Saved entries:
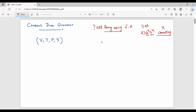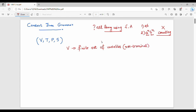Any Context Free Grammar is represented as a set of VTPS. So first, VN — VN is a finite set of variables, also called non-terminals. Next, T for terminal — T is nothing but a finite set of terminals.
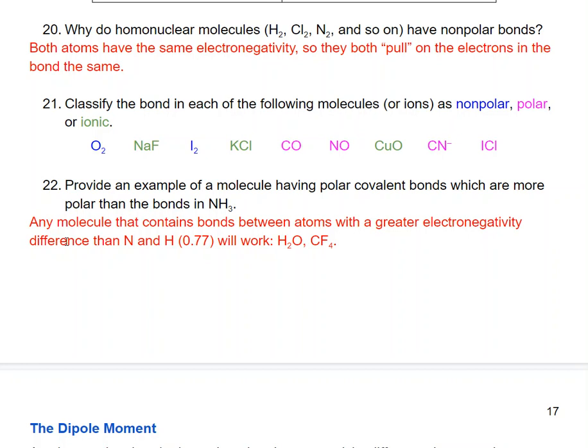Polar and nonpolar compounds are made from nonmetals. Homonuclear molecules like O₂ and I₂ have the same electronegativity and are nonpolar. Polar molecules are nonmetals with different electronegativities, such as CO, NO, CN⁻, and ICl. To provide an example of a molecule with more polar covalent bonds than NH₃: the N–H electronegativity difference is 0.77, so any molecule with a greater electronegativity difference — like water or CF₄ — will work.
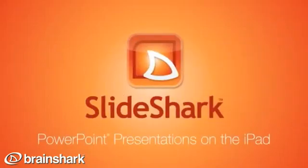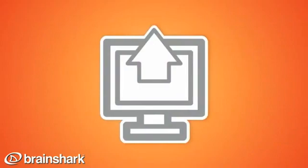Show PowerPoint presentations on your iPad with SlideShark. Here's how it works.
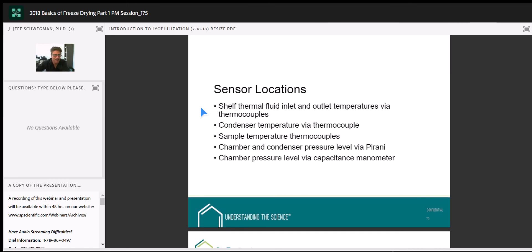First question: You mentioned the sublimation front is curved — is this applicable for both primary and secondary drying? What are the differences? There's no sublimation front in secondary drying. When primary drying is done, all the sublimation of ice is complete — we see the sublimation front come down as essentially a sphere at the end of primary drying. In secondary drying, all that's gone and we're just removing residual moisture, so there's no sublimation front associated with that.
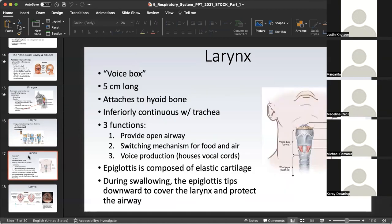The larynx is attached to the hyoid bone, part of the axial skeleton, and is inferiorly continuous with the trachea, which begins the lower respiratory tract. The larynx has three functions: to provide an open airway, because one of the cartilages is the epiglottis, it is responsible for a switching mechanism for food and air, and of course voice production.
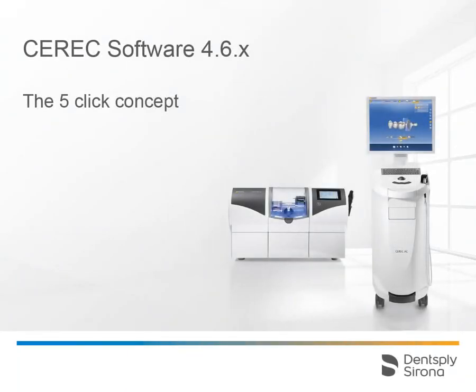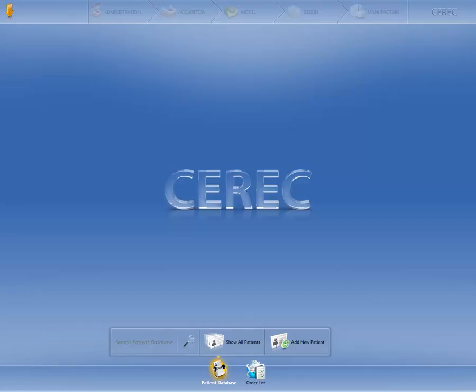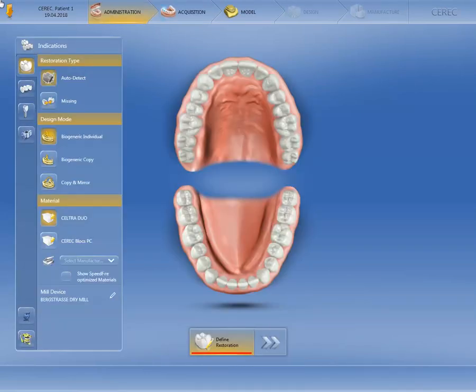Welcome to this video tutorial on the topic of the 5-Click concept from CEREC Software 4.6. First of all, we create our case as usual, but in this video we skip the sequence where the patient data is entered and switch straight to the administration phase. As this is a single tooth restoration and we want to keep the preset options for the restoration type, design mode, and material in the window under indications, we simply click on the position of the restoration in the odontogram.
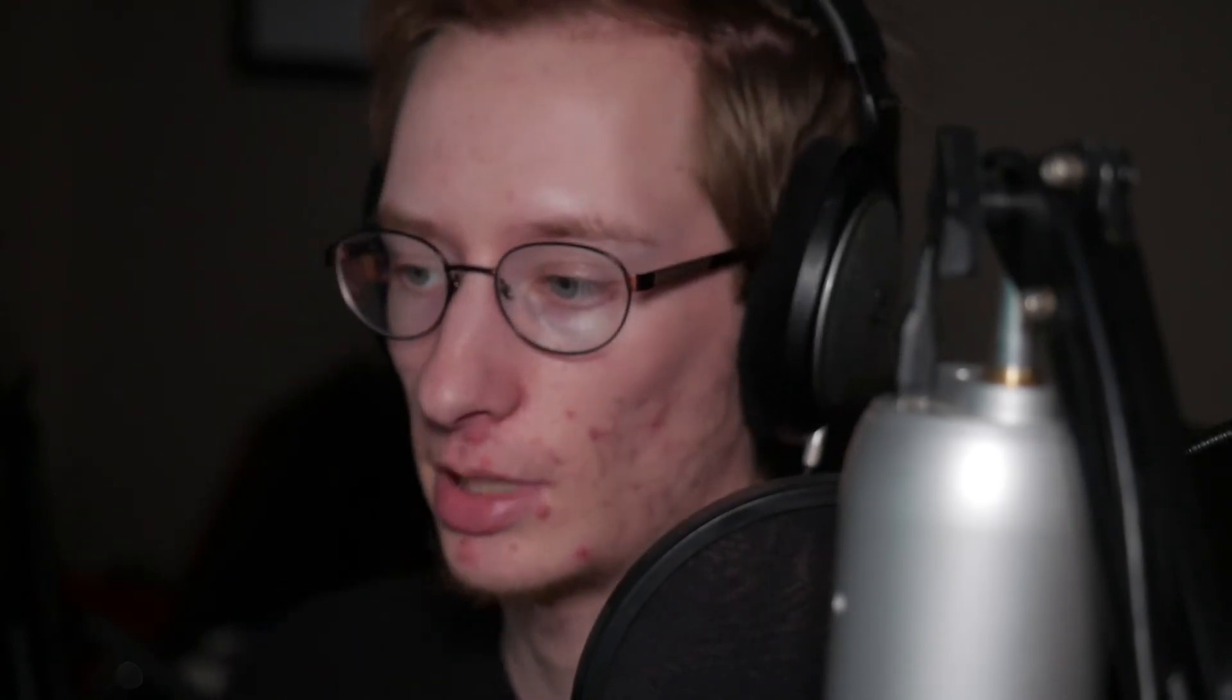Using an aggressive low pass can also make something sound like it's coming through an object, for example a door, since lower frequencies travel through objects more easily. You can also use high pass or low pass to make a sound more subtle if it's too distracting in your mix.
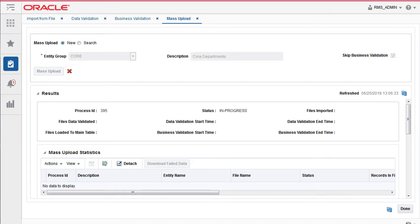This will trigger an asynchronous process that will process each file through the same three stages as in the individual screens, but will be run automatically. At any time, you can stop the mass upload.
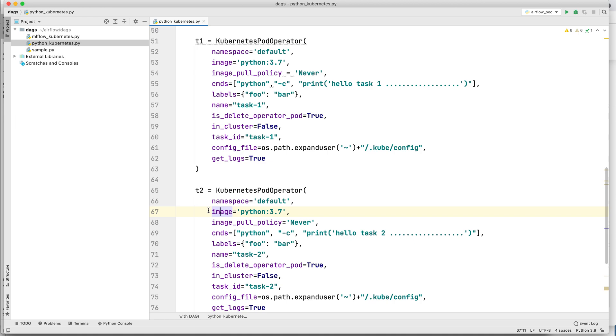That was the live example I wanted to share — how you can use KubernetesPodOperator with Airflow and run your tasks onto a Kubernetes cluster. Thank you for watching.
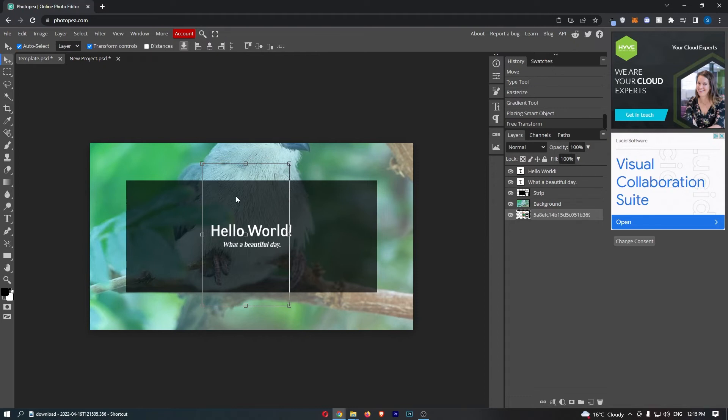Now, as I said, this is actually pretty easy to do. All we need to do is come over to this section on the right-hand side where you can see all of the layers.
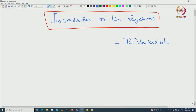Welcome, everyone. I am Venkatesh from the Institute of Science. I will be teaching you the course on Introduction to Lie Algebras. In this course, we will mainly focus on finite dimensional Lie Algebras. In this very first lecture, I will be defining the main objects of the course, and then we will see some properties of them, and then I will end with various examples that will be discussed throughout the course.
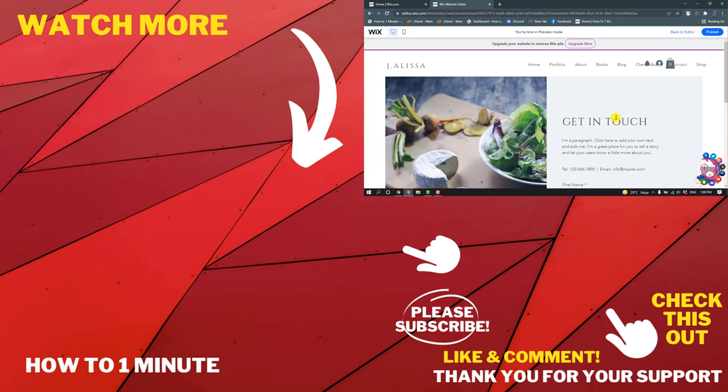If you have any questions, feel free to post in the description. If you want to see more WordPress videos, please check the links in the description. If this video helped you, give a thumbs up and please consider subscribing to How To One Minute. Thank you for watching.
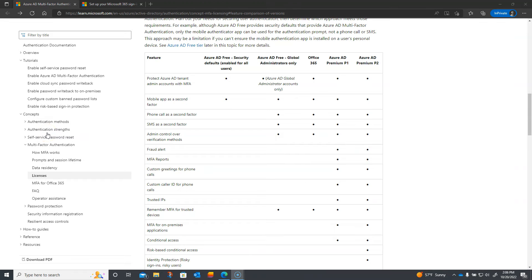Hi, I'm Jesse Roberts, Senior Vice President of Cybersecurity over at Compass IT Compliance. There are a lot of posts out there about multi-factor authentication and making sure you have it turned on, so I thought I'd do a quick video on multi-factor authentication using the built-in Microsoft 365 platform.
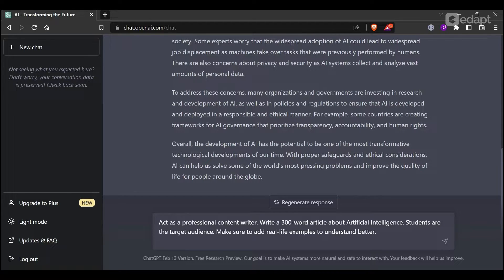The prompt engineering is not just about comparing prompts — I have given the role, the details, about 300 words as the correct length, the right subject area, and the target audience. Students will be used in real-life examples so they can understand the content. This is prompt engineering: you specify the role, the topic, the platform, and the audience.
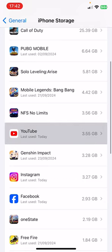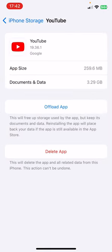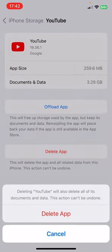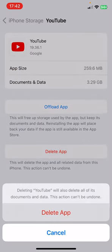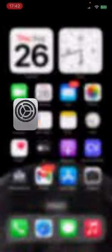Now you have to find YouTube. Click on YouTube and delete app from here. Click on delete app.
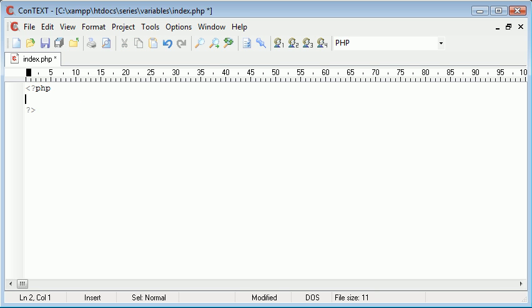However in PHP we don't really need to use any keywords to define anything. All we really need to do is use our dollar sign notation. All variables start with the dollar sign.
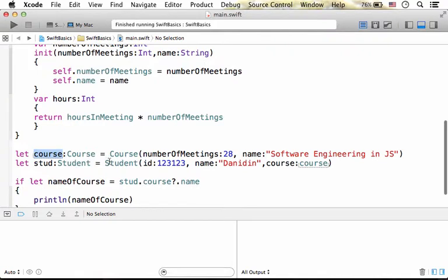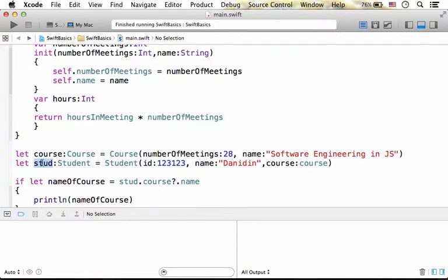After that, we instantiate Student and pass over the reference for the course object that we have just created, so that stud is assigned with a reference for a Student object, an object that has one of its properties holding a reference for a course object.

• _YOUR INSTRUCTIONS_: Copy every entry above exactly as it stands, but leave the pictures out.

• _SOLUTION TO THE PROBLEM_:
Any Context Free Grammar is represented as a set of VTPS. So first, VN — VN is a finite set of variables, also called non-terminals. Next, T for terminal — T is nothing but a finite set of terminals.
Polar and nonpolar compounds are made from nonmetals. Homonuclear molecules like O₂ and I₂ have the same electronegativity and are nonpolar. Polar molecules are nonmetals with different electronegativities, such as CO, NO, CN⁻, and ICl. To provide an example of a molecule with more polar covalent bonds than NH₃: the N–H electronegativity difference is 0.77, so any molecule with a greater electronegativity difference — like water or CF₄ — will work.
Show PowerPoint presentations on your iPad with SlideShark. Here's how it works.
First question: You mentioned the sublimation front is curved — is this applicable for both primary and secondary drying? What are the differences? There's no sublimation front in secondary drying. When primary drying is done, all the sublimation of ice is complete — we see the sublimation front come down as essentially a sphere at the end of primary drying. In secondary drying, all that's gone and we're just removing residual moisture, so there's no sublimation front associated with that.
The larynx is attached to the hyoid bone, part of the axial skeleton, and is inferiorly continuous with the trachea, which begins the lower respiratory tract. The larynx has three functions: to provide an open airway, because one of the cartilages is the epiglottis, it is responsible for a switching mechanism for food and air, and of course voice production.
Welcome to this video tutorial on the topic of the 5-Click concept from CEREC Software 4.6. First of all, we create our case as usual, but in this video we skip the sequence where the patient data is entered and switch straight to the administration phase. As this is a single tooth restoration and we want to keep the preset options for the restoration type, design mode, and material in the window under indications, we simply click on the position of the restoration in the odontogram.
Using an aggressive low pass can also make something sound like it's coming through an object, for example a door, since lower frequencies travel through objects more easily. You can also use high pass or low pass to make a sound more subtle if it's too distracting in your mix.
This will trigger an asynchronous process that will process each file through the same three stages as in the individual screens, but will be run automatically. At any time, you can stop the mass upload.
That was the live example I wanted to share — how you can use KubernetesPodOperator with Airflow and run your tasks onto a Kubernetes cluster. Thank you for watching.
Now, as I said, this is actually pretty easy to do. All we need to do is come over to this section on the right-hand side where you can see all of the layers.
Welcome, everyone. I am Venkatesh from the Institute of Science. I will be teaching you the course on Introduction to Lie Algebras. In this course, we will mainly focus on finite dimensional Lie Algebras. In this very first lecture, I will be defining the main objects of the course, and then we will see some properties of them, and then I will end with various examples that will be discussed throughout the course.
If you have any questions, feel free to post in the description. If you want to see more WordPress videos, please check the links in the description. If this video helped you, give a thumbs up and please consider subscribing to How To One Minute. Thank you for watching.
Hi, I'm Jesse Roberts, Senior Vice President of Cybersecurity over at Compass IT Compliance. There are a lot of posts out there about multi-factor authentication and making sure you have it turned on, so I thought I'd do a quick video on multi-factor authentication using the built-in Microsoft 365 platform.
The prompt engineering is not just about comparing prompts — I have given the role, the details, about 300 words as the correct length, the right subject area, and the target audience. Students will be used in real-life examples so they can understand the content. This is prompt engineering: you specify the role, the topic, the platform, and the audience.
Now you have to find YouTube. Click on YouTube and delete app from here. Click on delete app.
However in PHP we don't really need to use any keywords to define anything. All we really need to do is use our dollar sign notation. All variables start with the dollar sign.
After that, we instantiate Student and pass over the reference for the course object that we have just created, so that stud is assigned with a reference for a Student object, an object that has one of its properties holding a reference for a course object.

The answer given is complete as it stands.